EXERCISE. Transcribe exactly the first line of the listing below and each line that follows it, ending with the line that contains "Eigentumswohnung in Pattaya, Thailand, 1", and omit the remainder.
##### DATA EXCERPTS #####
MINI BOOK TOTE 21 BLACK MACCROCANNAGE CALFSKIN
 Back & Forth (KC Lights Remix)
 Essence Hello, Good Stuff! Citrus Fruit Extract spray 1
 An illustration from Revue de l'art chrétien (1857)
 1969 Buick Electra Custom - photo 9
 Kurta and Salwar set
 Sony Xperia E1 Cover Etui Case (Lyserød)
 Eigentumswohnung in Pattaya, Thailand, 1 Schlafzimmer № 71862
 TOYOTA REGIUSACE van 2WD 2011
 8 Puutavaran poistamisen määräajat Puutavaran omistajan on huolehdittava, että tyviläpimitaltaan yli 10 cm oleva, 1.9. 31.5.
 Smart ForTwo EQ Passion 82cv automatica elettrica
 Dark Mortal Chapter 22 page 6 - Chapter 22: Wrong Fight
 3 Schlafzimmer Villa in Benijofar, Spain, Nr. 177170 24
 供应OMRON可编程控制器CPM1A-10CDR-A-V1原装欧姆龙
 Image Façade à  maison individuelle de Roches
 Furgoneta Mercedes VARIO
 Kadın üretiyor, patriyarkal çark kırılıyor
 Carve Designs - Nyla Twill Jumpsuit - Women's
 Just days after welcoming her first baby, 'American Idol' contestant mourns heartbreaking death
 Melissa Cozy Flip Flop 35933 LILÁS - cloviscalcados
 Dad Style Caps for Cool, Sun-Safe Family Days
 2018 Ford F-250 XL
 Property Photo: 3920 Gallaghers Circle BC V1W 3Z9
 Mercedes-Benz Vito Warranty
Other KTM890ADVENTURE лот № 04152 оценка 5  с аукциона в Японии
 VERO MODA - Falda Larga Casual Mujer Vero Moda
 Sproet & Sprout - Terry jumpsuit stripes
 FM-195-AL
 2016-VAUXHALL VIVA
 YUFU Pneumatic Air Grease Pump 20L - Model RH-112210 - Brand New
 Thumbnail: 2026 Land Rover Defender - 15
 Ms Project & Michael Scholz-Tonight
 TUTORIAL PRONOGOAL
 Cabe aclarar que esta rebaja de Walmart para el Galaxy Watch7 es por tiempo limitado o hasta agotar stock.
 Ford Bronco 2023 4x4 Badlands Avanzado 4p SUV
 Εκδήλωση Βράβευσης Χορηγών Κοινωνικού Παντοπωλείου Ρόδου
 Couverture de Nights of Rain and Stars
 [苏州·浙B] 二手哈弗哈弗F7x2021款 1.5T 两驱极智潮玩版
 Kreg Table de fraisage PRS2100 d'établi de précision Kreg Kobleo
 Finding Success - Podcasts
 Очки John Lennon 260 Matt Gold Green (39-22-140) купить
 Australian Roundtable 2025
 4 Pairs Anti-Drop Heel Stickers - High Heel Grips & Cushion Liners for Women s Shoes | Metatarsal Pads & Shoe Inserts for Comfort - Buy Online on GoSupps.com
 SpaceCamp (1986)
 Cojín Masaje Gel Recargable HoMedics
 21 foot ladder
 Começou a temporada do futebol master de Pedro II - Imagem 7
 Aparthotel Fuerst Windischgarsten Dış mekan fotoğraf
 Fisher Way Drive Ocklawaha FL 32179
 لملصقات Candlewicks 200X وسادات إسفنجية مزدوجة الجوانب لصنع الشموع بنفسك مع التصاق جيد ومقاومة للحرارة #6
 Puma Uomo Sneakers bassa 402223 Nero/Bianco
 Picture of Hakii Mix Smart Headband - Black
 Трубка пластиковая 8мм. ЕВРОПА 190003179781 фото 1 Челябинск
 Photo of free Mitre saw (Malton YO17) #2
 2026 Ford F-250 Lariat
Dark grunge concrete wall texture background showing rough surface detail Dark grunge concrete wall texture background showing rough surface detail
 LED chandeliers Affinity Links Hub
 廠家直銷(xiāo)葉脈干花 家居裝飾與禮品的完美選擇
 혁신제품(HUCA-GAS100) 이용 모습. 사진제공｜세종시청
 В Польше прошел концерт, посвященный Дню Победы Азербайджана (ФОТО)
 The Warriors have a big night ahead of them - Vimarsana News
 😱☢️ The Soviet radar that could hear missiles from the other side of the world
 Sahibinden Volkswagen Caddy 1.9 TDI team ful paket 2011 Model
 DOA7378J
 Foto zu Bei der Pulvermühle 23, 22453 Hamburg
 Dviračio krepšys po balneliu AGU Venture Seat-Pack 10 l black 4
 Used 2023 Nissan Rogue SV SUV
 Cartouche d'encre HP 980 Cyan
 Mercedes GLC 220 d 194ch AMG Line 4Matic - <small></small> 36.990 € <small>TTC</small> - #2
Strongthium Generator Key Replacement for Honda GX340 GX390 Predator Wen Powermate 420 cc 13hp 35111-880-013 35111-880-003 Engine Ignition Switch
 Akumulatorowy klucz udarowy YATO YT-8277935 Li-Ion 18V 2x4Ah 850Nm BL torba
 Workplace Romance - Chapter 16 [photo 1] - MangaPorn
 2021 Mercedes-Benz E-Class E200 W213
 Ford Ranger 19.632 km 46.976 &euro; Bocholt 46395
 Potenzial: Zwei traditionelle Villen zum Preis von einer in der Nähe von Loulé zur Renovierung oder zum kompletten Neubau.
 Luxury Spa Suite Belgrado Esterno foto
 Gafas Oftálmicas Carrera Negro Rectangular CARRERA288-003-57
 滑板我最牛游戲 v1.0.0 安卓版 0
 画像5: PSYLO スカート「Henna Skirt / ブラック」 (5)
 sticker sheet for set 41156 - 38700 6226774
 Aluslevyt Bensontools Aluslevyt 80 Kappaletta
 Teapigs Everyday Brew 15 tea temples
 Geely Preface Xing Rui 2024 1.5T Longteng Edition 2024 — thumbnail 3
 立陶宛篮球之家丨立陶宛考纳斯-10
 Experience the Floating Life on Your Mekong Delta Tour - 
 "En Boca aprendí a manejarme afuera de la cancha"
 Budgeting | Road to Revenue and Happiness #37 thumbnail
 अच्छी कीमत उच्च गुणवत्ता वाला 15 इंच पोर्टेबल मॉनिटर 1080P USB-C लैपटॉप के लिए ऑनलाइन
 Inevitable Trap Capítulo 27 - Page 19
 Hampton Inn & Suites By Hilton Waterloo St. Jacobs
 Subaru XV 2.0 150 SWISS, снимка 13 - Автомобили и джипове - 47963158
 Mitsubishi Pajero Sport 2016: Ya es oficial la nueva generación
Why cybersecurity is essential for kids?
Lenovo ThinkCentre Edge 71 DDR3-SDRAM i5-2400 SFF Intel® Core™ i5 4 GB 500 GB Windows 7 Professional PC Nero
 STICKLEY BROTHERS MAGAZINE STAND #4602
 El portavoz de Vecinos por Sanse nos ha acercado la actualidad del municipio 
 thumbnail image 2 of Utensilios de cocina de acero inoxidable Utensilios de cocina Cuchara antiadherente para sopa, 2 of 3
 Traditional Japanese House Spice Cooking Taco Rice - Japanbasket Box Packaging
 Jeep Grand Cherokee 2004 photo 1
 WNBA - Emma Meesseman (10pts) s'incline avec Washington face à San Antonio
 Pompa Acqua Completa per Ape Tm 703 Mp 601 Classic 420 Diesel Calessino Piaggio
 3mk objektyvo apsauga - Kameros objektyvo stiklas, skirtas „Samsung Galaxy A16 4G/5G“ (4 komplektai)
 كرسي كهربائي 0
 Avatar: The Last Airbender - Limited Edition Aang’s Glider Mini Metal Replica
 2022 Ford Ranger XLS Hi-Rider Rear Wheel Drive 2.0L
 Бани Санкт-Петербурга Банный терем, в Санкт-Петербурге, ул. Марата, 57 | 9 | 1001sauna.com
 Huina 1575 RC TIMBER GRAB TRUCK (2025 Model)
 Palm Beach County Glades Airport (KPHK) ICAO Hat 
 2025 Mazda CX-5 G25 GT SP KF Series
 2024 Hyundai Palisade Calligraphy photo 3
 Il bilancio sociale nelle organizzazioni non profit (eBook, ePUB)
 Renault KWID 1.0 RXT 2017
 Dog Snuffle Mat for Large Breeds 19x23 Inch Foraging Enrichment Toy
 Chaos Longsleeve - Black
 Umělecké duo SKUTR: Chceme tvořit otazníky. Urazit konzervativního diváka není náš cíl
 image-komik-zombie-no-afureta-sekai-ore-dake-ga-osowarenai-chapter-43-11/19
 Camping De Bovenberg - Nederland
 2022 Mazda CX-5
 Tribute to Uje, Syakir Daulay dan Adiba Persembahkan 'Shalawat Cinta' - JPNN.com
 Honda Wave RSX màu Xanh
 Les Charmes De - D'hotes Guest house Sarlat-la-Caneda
#####
EXERCISE SOLUTION.
MINI BOOK TOTE 21 BLACK MACCROCANNAGE CALFSKIN
 Back & Forth (KC Lights Remix)
 Essence Hello, Good Stuff! Citrus Fruit Extract spray 1
 An illustration from Revue de l'art chrétien (1857)
 1969 Buick Electra Custom - photo 9
 Kurta and Salwar set
 Sony Xperia E1 Cover Etui Case (Lyserød)
 Eigentumswohnung in Pattaya, Thailand, 1 Schlafzimmer № 71862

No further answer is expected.